As positive cases of COVID-19 once again begin rising in the UK, the country has entered a national lockdown for the second time. Those people who can work from home are being urged to do so whilst those who need to be in the office are advised to continue to do so. For those people who need to work in the office, this can be a worrying time. However, it is essential to note that their employers have a legal obligation to assess any risks associated with office working protocol and ensure that the appropriate measures have been put in place to manage any workplace-related risks. Their top priority should be ensuring that their office is as COVID-safe as possible and that their employees feel as safe as possible in the current climate.
What are the official guidelines?
To help ensure that employers have the right information to hand when it comes to creating a workplace that is COVID-19 secure, the government has put together a series of guides. There are fourteen of these in total, and each one considers the different measures that will need to be considered in a range of different work environments. These guides have not only been designed to assist employers but also employees and even the self-employed.
Businesses need to follow these guidelines to keep their employees safe. It is also a legal requirement, and the Prime Minister has advised employers that there may be spot inspections carried out by HSE to ensure enough measures are in place.
What makes an office COVID secure?
Unfortunately, due to the nature of the coronavirus, every office may find themselves facing a potential risk of transmission.

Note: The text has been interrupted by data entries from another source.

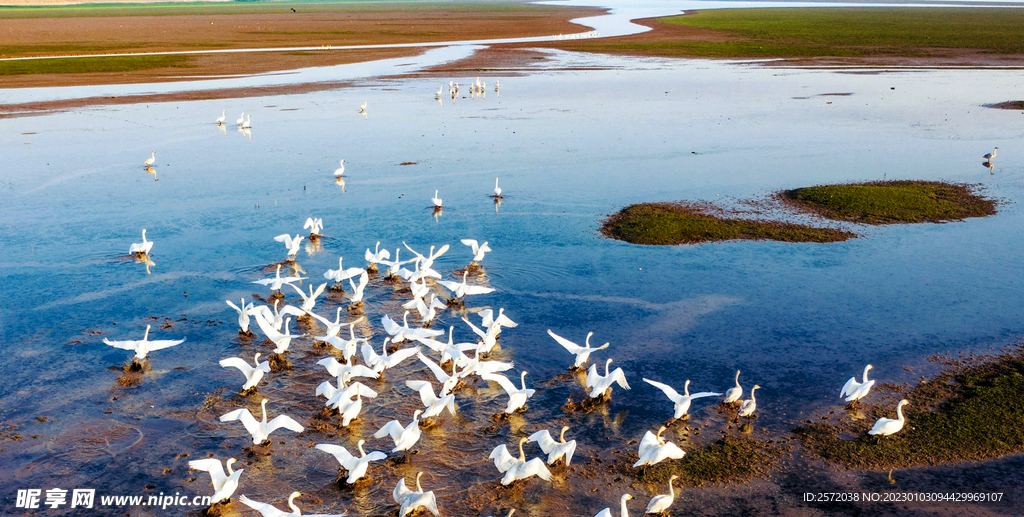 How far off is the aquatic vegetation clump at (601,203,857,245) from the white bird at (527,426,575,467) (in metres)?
9.02

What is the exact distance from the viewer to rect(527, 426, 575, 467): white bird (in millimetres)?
9500

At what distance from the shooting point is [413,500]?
8547 millimetres

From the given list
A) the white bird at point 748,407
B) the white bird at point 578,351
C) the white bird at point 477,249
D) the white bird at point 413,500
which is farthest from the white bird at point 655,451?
the white bird at point 477,249

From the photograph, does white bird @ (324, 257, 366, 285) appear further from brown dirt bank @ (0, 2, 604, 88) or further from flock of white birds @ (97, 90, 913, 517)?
brown dirt bank @ (0, 2, 604, 88)

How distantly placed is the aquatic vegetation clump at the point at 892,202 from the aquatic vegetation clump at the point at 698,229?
5.16ft

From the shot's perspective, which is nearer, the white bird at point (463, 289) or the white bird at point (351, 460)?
the white bird at point (351, 460)

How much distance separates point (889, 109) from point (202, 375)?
34.0 metres

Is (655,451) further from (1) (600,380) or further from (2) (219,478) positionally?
(2) (219,478)

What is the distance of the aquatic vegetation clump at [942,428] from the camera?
9.77 metres

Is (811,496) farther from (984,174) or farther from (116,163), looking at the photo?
(116,163)

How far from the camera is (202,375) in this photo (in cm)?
1218

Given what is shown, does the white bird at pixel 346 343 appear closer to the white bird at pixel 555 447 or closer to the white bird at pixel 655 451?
the white bird at pixel 555 447

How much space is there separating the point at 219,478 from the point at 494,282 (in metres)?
7.84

To make this risk as small as possible, an employer should be looking at how they can make things as safe as possible – for employees and visitors alike. Actions an employer could take might mean placing desks further apart, improving ventilation within the building and even staggering the working day to ensure that office occupancy is lower than usual. However, they will have to consider whether they can take such actions whilst still allowing everyone to work the hours that they need to.
A risk assessment will help an employer to identify, assess and where possible, avoid or reduce any of the potential transmission risks that exist.

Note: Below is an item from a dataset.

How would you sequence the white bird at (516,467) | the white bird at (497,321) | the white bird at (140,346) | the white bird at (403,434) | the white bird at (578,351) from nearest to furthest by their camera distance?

What measures should I put in place?
The guidelines state that where possible people should work 2 meters apart, however, when this is not possible this distance may be reduced to 1 meter with appropriate extra measures in place. This might mean making physical changes to your workplace by moving desks around to create more space; screens or other barriers may be needed to create a level of additional protection between people to make this possible.

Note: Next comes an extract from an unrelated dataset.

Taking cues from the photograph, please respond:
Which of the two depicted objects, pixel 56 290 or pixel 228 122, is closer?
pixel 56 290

In addition to these measures, the cleaning regime for the office should be increased. Regular cleaning of communal areas and things like door handles will help to reduce the possibility of the virus spreading. Frequent hand washing should be encouraged, so plenty of soap and disposable hand towels should be provided, and these should be kept topped up. Antibacterial hand gel is also helpful in an office environment where it can be used if trips to wash hands regularly are less practical. Creating physical barriers between one part of an office and another, for example, with the use of PVC strip curtains from Strip Curtains Direct, which have antimicrobial properties, can prove very useful in helping to reduce any potential spread.
While some of these measures may cause employers to have to layout funds to protect their staff, reducing office transmission could not only ensure they have fewer absences from work through COVID-related illnesses, but also that they can continue operating throughout the pandemic.